Exercise objective =
Look below for the line with "Volkswagen Sharan Fuse module"; begin the copy there and stop after the line with "SMARTWATCH FENIX 9", keeping the text exact and the pictures out.

Dataset excerpts =
+ + + + +

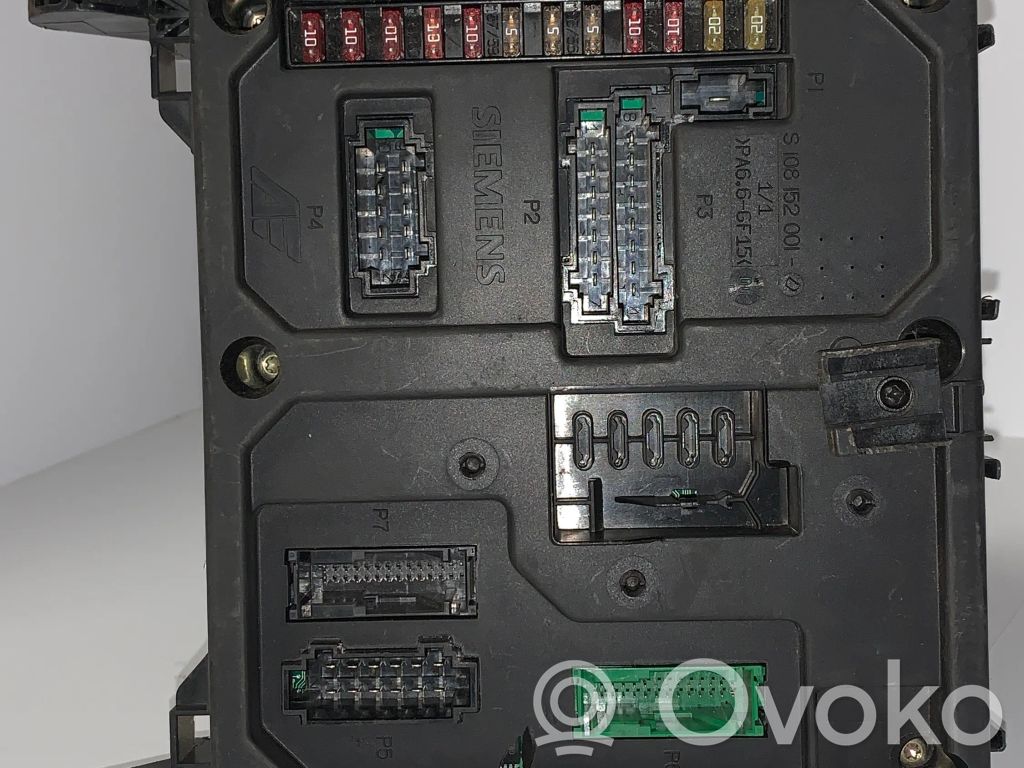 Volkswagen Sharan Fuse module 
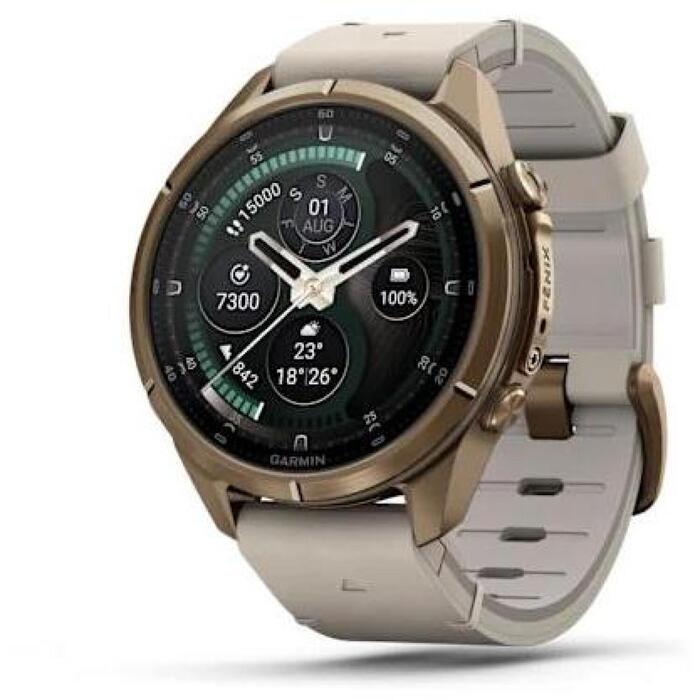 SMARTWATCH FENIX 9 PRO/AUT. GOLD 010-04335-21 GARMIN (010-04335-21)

+ + + + +

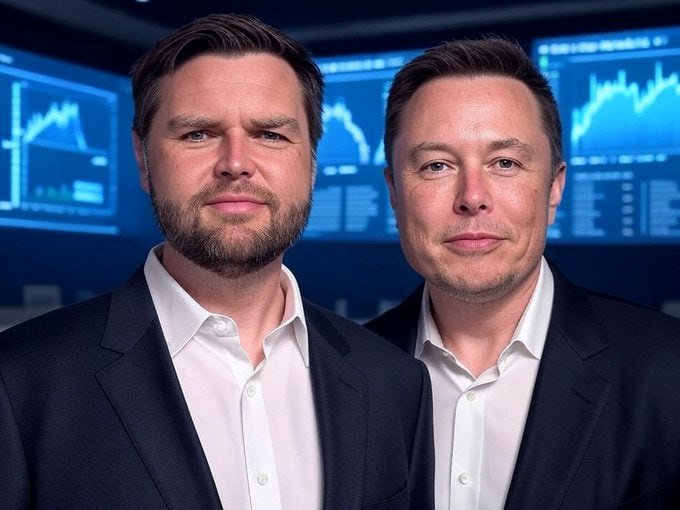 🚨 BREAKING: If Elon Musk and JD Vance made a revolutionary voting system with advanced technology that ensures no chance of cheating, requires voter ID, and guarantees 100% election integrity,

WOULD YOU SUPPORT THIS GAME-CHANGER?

+ + + + +

Exercise response =
 Volkswagen Sharan Fuse module 
 SMARTWATCH FENIX 9 PRO/AUT. GOLD 010-04335-21 GARMIN (010-04335-21)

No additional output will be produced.